My requirement is to generate match score on fuzzy phrase search. Example
1) Input Data - Hello Sam, how are you doing? Thanks, Smith.
- Indexed Document - Sam Smith (documents are always person/organization names and input data would be free-text data)
In above case, both Sam and Smith found in my input data but contextually both are different persons. If my input data would be "Hello Sam Smith" than I should get relevant hit with higher score (Also I am expecting OK score for "Hello Sam John Smith" and so on).
I am using Lucene here for primary filtering and later will post-process matched documents with input data and define match score (using levenshtein), and it should also work for fuzzy.
Exact approach,
1) Index documents as Tri-Grams
2) Search input free text data with Tri-Gram indexes
3) Gather all matching documents (this will have lot of noisy data yet)
4) Post process every matched document and define position of every matched tri-gram token in input free text data and calculate levenshtein score between possible position token(s) and entire document.
e.g - Hello Sam, how are you doing?
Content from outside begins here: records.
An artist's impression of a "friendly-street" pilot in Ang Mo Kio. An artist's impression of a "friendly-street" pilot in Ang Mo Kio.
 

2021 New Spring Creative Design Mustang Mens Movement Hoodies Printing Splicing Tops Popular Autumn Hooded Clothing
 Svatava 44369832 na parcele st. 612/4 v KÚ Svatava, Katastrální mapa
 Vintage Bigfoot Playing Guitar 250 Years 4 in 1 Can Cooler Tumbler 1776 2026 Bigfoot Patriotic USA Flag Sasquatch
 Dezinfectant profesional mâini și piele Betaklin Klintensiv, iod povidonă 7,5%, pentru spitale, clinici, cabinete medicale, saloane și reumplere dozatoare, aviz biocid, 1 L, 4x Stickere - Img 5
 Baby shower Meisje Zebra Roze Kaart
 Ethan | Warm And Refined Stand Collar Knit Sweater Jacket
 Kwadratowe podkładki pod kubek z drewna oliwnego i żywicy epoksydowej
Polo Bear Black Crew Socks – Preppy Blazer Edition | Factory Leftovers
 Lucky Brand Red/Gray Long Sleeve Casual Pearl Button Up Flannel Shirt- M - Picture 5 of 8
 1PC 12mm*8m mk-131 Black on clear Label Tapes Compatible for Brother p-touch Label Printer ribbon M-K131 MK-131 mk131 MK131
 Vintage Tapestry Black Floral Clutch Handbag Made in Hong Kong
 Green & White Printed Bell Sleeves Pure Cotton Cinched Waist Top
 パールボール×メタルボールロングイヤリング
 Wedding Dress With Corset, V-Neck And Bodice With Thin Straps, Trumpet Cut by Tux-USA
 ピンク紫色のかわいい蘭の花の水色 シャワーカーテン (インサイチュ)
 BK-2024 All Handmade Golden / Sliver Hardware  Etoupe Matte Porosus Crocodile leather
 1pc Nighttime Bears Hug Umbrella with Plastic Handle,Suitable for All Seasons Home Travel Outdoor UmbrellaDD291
Thanks, Smith.
In here my document match will be "Sam Smith", I want to look at each tri gram of index and its position match in input free text data, like
1) token "sam" matched with 2nd position word "Sam" in input data
2) token "smi" matched with 8th position word "Smith" in input data
Later I will write logic to calculate levenshtein score of token 2, 8 with actual matched document (it would be very less score considering proximity between position 2 and 8), but if position of tokens were 2,3 (or 2,4) I would have given good scoring.
Would like to get feedback from experts on this approach, or some better suggestions, Thanks.